4月4日の某新聞に「月曜日のたわわ」という漫画のキャラクターが「今週も、素敵な一週間でありますように」というコメントと共に載っている。たわわ、というのはバストの豊満さを表しており、漫画の内容は(1話を読んだ限りでは)電車で鉢合わせる旨の大きい女子高生に会社員の主人公が元気を貰う、癒されるという物。
この件に関して自分の所感は「炎上するほどでもないかな」だ。
確かに漫画では女子高生のキャラクターのバストが強調され、定期入れが胸に乗る、床に落ちた定期入れを拾う為に女子高生が胸を主人公♂に密着させながら屈伸運動をするなど、言ってしまえば「pixivレベルでよく見る発禁してないエロ漫画」と言った感じだ。中立的な気持ちで読むと、気持ちが悪くて嫌になる。新聞広告になった最も「新社会人を元気づける為に」らしい。新社会人には勿論女性も含まれているだろう。エロ漫画まがいの広告で、ナニが元気になるんだとすら思う(実際作中にはそういう婉曲表現もある)

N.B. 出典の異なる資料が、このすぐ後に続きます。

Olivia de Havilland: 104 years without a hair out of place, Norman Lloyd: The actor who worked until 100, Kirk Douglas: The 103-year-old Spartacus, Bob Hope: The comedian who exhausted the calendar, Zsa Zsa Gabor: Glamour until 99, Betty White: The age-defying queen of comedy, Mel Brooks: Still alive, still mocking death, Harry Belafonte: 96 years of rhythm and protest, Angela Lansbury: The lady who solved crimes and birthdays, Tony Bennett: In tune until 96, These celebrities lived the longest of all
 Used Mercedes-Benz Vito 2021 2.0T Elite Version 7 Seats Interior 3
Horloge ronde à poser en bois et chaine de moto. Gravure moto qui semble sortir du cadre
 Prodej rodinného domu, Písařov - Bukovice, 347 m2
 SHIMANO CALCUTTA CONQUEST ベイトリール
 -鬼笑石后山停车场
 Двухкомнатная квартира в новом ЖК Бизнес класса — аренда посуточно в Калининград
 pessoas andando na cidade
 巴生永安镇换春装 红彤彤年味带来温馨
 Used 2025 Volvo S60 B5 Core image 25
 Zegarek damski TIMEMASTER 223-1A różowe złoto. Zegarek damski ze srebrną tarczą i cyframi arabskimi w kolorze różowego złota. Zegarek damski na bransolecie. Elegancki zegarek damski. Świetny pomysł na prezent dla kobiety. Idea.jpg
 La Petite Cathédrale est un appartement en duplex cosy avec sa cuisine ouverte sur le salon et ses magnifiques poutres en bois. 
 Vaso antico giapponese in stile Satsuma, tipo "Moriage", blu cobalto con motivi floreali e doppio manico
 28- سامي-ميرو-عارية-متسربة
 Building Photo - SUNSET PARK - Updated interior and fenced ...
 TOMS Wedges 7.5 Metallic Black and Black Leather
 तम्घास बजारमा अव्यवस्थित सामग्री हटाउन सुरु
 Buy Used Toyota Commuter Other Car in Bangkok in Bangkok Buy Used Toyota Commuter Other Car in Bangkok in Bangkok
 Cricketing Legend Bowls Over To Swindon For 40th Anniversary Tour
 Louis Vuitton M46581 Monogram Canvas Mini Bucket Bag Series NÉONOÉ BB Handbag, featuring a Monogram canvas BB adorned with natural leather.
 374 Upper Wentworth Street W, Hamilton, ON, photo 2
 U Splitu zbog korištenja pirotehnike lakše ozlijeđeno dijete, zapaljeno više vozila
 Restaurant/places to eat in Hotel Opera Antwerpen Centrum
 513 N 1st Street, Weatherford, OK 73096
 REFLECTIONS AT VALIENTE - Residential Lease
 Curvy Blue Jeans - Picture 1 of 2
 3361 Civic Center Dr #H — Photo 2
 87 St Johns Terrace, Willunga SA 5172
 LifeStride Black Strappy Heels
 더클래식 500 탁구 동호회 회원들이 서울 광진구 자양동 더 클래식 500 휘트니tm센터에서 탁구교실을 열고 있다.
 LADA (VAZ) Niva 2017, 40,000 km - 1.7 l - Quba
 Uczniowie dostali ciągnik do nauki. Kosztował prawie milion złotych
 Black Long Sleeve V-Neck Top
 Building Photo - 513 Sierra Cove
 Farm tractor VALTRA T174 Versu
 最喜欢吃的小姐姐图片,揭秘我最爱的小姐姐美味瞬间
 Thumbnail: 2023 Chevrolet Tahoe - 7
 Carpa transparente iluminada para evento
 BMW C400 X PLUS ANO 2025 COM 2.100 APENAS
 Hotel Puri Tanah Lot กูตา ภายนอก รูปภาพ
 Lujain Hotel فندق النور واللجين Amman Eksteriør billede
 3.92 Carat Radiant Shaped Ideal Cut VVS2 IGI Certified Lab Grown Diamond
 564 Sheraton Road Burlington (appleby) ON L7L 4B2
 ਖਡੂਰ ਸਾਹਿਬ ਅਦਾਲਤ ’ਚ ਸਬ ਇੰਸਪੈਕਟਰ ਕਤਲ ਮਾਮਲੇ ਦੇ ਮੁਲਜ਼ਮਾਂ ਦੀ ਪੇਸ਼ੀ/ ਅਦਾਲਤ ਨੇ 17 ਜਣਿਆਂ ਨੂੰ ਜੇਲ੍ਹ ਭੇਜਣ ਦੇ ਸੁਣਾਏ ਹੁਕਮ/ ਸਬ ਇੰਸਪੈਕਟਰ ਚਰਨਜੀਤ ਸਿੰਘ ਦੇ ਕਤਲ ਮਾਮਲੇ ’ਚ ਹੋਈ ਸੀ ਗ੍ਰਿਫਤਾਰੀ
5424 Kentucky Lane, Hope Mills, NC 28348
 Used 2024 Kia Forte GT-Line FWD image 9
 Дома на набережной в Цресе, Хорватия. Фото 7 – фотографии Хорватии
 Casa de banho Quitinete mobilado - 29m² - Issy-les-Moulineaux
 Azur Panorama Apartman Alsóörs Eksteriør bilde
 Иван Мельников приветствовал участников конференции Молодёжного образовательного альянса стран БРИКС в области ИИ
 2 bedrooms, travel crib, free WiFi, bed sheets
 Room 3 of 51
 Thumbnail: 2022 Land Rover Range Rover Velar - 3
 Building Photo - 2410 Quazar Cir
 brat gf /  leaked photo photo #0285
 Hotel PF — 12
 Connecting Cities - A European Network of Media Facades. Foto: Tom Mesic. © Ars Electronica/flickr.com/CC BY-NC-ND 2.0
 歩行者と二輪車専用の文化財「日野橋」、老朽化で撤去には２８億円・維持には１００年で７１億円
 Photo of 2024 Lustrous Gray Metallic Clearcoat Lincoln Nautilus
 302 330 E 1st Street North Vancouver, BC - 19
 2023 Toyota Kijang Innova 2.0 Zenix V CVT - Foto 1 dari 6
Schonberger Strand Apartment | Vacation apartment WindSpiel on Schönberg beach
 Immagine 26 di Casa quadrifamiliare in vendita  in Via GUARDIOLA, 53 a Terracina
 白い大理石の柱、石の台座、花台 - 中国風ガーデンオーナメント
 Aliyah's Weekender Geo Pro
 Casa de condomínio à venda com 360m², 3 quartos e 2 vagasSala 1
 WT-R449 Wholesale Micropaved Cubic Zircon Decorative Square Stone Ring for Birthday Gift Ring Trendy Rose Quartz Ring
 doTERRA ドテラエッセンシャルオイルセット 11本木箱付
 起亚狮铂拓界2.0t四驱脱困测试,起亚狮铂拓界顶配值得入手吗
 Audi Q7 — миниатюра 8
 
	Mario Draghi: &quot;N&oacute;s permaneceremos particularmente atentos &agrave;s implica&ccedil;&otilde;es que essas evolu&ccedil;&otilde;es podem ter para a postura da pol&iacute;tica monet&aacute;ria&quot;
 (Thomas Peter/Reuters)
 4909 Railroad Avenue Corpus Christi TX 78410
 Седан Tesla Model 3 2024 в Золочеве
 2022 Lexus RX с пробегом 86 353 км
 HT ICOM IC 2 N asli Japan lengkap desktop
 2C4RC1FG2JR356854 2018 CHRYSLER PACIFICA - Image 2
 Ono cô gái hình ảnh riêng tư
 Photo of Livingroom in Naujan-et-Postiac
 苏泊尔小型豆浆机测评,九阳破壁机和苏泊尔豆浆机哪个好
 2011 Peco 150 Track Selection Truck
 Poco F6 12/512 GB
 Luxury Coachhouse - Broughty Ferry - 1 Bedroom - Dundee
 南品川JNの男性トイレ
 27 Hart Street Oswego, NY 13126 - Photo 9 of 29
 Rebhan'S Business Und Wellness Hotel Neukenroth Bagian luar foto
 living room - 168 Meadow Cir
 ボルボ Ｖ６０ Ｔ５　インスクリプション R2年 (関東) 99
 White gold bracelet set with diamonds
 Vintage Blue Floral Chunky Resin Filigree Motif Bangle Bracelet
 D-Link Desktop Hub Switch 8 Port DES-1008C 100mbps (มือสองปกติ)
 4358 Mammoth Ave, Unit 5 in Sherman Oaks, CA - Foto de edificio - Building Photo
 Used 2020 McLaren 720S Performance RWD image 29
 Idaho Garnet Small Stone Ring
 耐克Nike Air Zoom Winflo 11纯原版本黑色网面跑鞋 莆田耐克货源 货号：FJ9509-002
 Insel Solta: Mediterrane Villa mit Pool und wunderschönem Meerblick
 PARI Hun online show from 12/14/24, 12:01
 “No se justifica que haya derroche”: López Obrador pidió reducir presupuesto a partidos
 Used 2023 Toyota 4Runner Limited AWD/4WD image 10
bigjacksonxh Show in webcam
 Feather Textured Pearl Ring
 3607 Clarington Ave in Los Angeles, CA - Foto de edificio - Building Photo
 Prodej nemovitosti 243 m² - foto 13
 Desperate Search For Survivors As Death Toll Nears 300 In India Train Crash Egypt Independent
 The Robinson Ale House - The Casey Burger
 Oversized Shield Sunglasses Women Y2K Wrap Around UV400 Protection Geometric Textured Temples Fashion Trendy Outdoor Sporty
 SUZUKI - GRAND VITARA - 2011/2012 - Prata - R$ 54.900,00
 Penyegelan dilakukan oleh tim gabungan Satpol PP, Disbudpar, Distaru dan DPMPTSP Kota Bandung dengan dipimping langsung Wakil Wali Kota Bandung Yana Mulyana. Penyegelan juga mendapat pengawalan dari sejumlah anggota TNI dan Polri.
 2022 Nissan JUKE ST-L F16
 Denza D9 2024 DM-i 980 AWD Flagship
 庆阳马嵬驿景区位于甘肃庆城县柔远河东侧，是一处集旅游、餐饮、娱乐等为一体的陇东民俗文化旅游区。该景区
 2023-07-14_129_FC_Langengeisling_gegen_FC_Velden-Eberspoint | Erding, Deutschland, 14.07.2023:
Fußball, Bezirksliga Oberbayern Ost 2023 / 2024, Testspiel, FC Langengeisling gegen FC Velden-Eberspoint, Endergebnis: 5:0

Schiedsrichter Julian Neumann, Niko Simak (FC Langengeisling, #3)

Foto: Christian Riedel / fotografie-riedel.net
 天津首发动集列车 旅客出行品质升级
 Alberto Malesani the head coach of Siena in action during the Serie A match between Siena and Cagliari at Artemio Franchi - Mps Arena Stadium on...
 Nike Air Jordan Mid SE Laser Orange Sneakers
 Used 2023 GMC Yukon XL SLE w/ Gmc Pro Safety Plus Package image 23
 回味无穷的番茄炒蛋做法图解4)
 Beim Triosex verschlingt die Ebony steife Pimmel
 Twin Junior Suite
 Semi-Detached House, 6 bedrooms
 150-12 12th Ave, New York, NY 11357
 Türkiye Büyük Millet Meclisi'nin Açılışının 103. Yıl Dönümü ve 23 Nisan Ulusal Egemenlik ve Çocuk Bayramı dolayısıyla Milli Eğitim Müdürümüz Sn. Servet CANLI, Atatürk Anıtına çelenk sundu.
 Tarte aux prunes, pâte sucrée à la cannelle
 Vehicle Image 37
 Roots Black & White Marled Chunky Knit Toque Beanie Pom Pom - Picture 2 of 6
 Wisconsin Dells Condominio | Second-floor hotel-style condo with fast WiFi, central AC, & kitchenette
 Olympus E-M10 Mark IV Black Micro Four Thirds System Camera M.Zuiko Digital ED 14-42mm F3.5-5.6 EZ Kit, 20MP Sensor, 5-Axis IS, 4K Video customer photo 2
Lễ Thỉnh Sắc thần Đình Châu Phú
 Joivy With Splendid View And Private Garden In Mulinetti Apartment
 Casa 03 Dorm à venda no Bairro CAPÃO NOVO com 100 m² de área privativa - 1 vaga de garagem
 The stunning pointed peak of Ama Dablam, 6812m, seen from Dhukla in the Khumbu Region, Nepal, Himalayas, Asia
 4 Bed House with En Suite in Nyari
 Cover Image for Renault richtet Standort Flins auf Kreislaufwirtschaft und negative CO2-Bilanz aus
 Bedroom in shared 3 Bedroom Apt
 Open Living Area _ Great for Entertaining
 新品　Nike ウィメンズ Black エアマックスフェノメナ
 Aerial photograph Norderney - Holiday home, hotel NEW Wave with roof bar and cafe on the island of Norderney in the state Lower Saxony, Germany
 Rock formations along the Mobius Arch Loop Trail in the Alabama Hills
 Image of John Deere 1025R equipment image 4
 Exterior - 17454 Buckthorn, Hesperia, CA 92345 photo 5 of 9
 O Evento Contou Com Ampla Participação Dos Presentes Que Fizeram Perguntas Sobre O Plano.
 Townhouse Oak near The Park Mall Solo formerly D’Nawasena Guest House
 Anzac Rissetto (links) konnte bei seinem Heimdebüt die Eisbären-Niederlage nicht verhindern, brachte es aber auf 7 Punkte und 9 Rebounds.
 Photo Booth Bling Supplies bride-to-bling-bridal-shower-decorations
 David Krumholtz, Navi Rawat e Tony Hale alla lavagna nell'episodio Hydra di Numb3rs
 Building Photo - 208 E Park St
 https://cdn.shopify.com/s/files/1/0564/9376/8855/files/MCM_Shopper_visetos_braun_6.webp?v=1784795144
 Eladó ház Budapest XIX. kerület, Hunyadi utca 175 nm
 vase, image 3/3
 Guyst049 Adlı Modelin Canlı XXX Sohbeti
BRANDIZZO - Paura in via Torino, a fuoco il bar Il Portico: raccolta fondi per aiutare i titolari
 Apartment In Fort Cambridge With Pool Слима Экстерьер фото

しかし新聞に載っていたのは「たわわ」な部分が腕で隠れた構図だ。キャラクターが立っているだけの一枚絵で、セリフも無ければ過度な擬音表現などもない。漫画の内容は若干受け入れられる物ではないが、新聞広告として存在が許されるだけの配慮のある広告だと思う。だからあの炎上は、知らない人が見れば無害なのに、なまじ知識があるだけに不快感を押し売りしてしまった女性側にも問題があると思う。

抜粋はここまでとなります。